Sebelumnya, Presiden RI Prabowo Subianto telah resmi memberikan gelar Pahlawan Nasional Soeharto bertepatan pada Hari Pahlawan, Senin 10 November 2025 di Istana Negara, Jakarta.
Sayang, berbagai pihak menolak pemberian gelar Pahlawan Nasional Soeharto lantaran memiliki jejak kelam selama 32 tahun berkuasa.
Jejak kelam Soeharto berkaitan dengan pelanggaran HAM. Di mana banyak orang hilang dan bahkan belum ditemukan hingga kini.
Komnas HAM menilai dengan pemberian gelar Pahlawan Nasional Soeharto, maka sama saja telah melukai hati para korban pelanggaran HAM.

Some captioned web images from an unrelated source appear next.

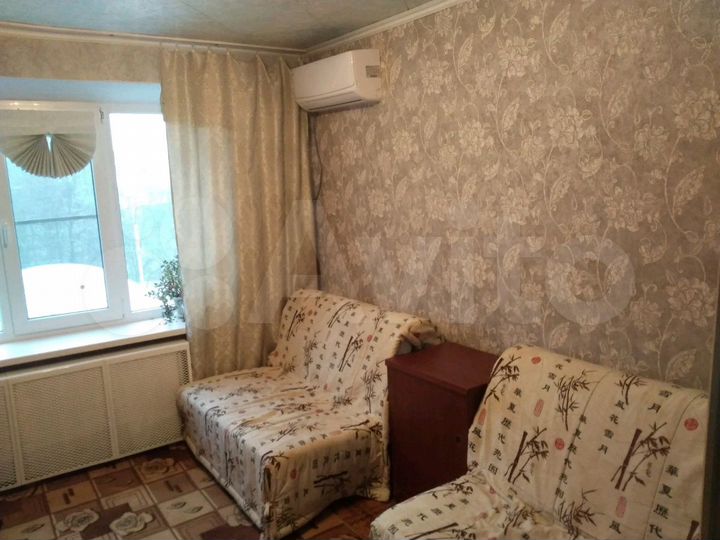 Комната 18 м² в 4-к., 4/5 эт.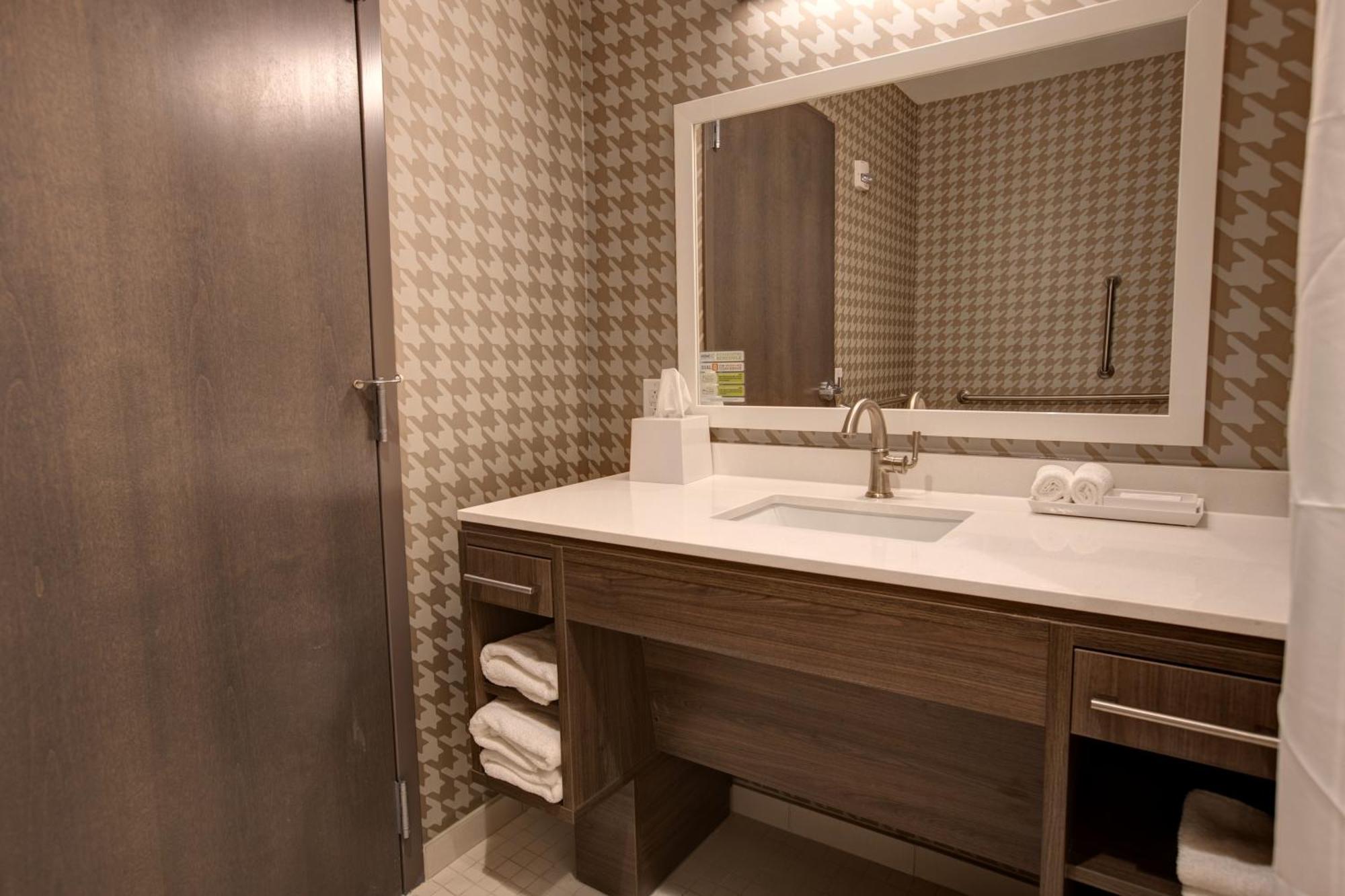 Home2 Suites By Hilton Charlotte Uptown Esterno foto
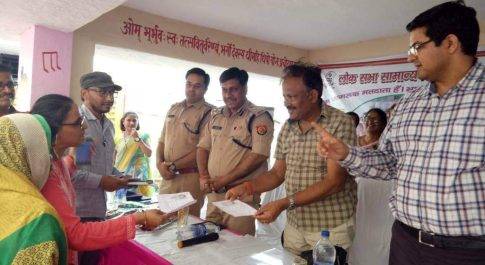 प्रा.वि. कल्पीपारा में आयुक्त ने किया मतदाता पर्ची का वितरण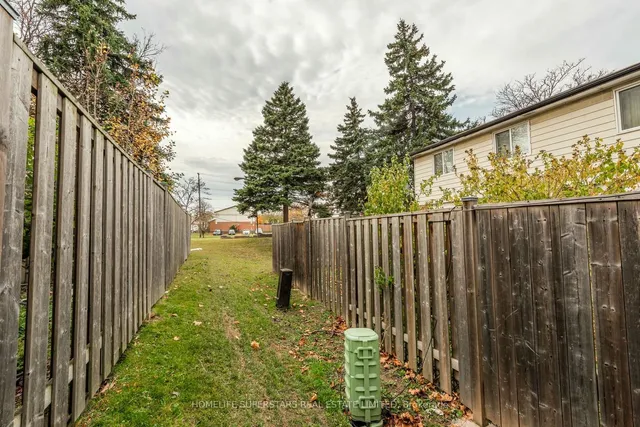 Additional image 37 of 7475 Goreway Dr Unit 50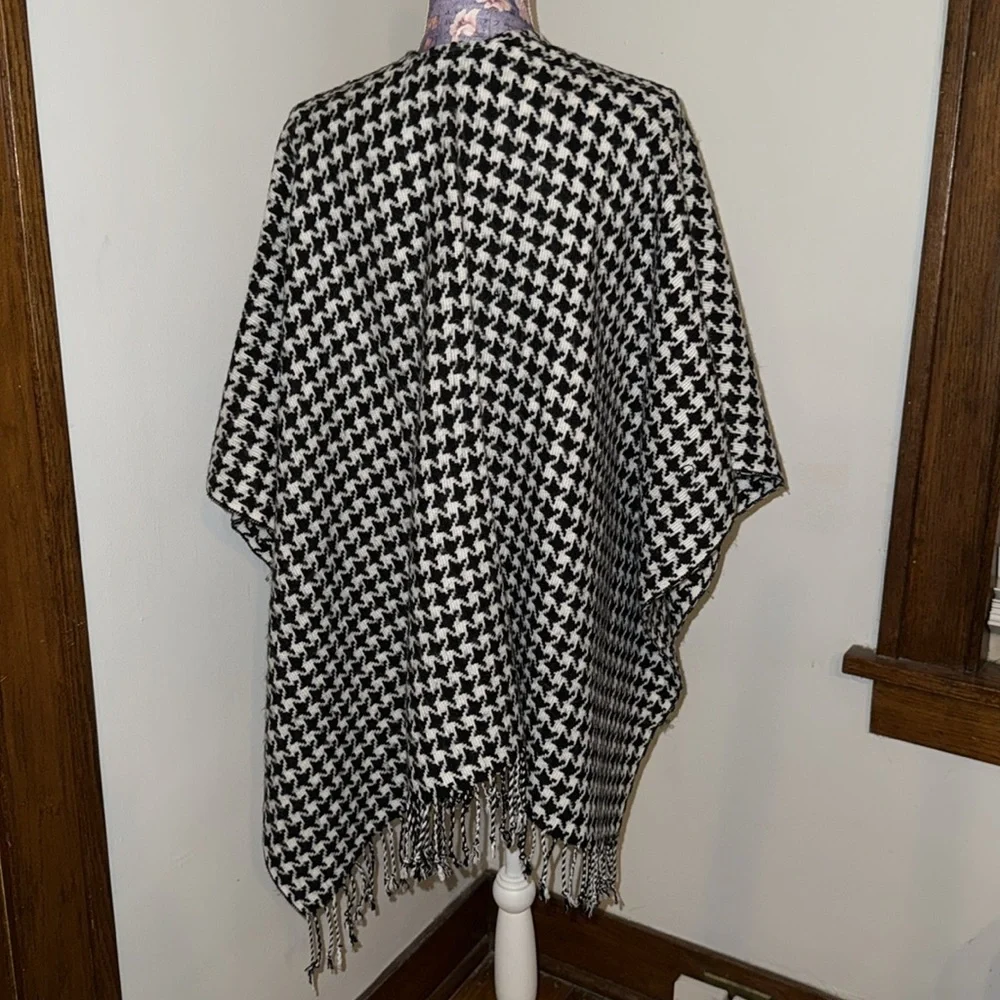 Black And White Wrap Sweater Echo - Picture 2 of 3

Walau Soeharto telah menjadi Pahlawan Nasional, Ketua Komisi Nasional Hak Asasi Manusia (Komnas HAM) Anis Hidayah mendesak agar kasus-kasus pelanggaran HAM berat masa lalu harus tetap diusut.
“Penetapan alm. Soeharto (sebagai Pahlawan Nasional) tidak hanya melukai para korban pelanggaran HAM yang berat, namun juga keluarganya yang masih terus menuntut hak-haknya sampai saat ini,” kata Anis Hidayah dalam keterangan tertulis yang dirilis Komnas HAM, dilihat Rabu 12 November 2025.

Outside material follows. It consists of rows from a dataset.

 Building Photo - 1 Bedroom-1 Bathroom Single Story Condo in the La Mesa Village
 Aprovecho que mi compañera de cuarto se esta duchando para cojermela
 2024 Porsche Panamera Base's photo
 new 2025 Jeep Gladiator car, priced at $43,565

Lebih lanjut, Anis menekankan Komnas HAM telah meluncurkan penyelidikan terkait pelanggaran HAM berat pada masa Orde Baru, di antaranya Peristiwa 1965/1966, Talangsari, Tanjung Priok, penembak misterius, hingga daerah operasi militer (DOM) Aceh.

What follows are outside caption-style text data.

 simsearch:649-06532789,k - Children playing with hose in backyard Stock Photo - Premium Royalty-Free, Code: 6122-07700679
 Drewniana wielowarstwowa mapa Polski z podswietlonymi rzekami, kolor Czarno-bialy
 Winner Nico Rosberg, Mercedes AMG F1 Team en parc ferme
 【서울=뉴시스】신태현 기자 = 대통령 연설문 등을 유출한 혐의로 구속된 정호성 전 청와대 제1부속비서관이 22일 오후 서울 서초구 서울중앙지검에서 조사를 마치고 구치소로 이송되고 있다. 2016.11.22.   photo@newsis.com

Mengenai peristiwa kerusuhan Mei 1998, Komnas HAM pun telah melakukan penyelidikan dan menetapkannya sebagai pelanggaran HAM berat. Pemerintah pada era Joko Widodo pun telah mengakui peristiwa Mei 1998 sebagai salah satu dari 12 pelanggaran HAM berat masa lalu.
“Pelbagai peristiwa pelanggaran HAM yang berat harus terus diproses, diusut, dan dituntaskan demi keadilan dan kebenaran yang hakiki,” kata Anis Hidayah.
“Pemerintah seharusnya lebih hati-hati dalam penetapan pahlawan nasional, karena gelar kehormatan tersebut akan menjadi inspirasi dan teladan anak bangsa terhadap jejak perjuangan, keadilan, dan kemanusiaan,” pungkasnya.
Selain Soeharto, ada sembilan tokoh lain yang turut diberikan gelar Pahlawan Nasional di antaranya Presiden ke 4 RI Abdurrahman Wahid, tokoh buruh Marsinah hingga Sarwo Edhie Wibowo.
Pemberian gelar Pahlawan Nasional itu telah tertuang dalam surat Keputusan Presiden (Keppres) Nomor 116/TK/Tahun 2025 tentang Penganugerahan Gelar Pahlawan Nasional yang ditetapkan di Jakarta pada tanggal 6 November 2025.
“Menganugerahkan gelar pahlawan nasional kepada mereka yang namanya tersebut dalam lampiran keputusan ini sebagai penghargaan dan penghormatan yang tinggi, atas jasa-jasanya yang luar biasa, untuk kepentingan mewujudkan persatuan dan kesatuan bangsa,” bunyi kutipan Keppres, Senin 10 November 2025.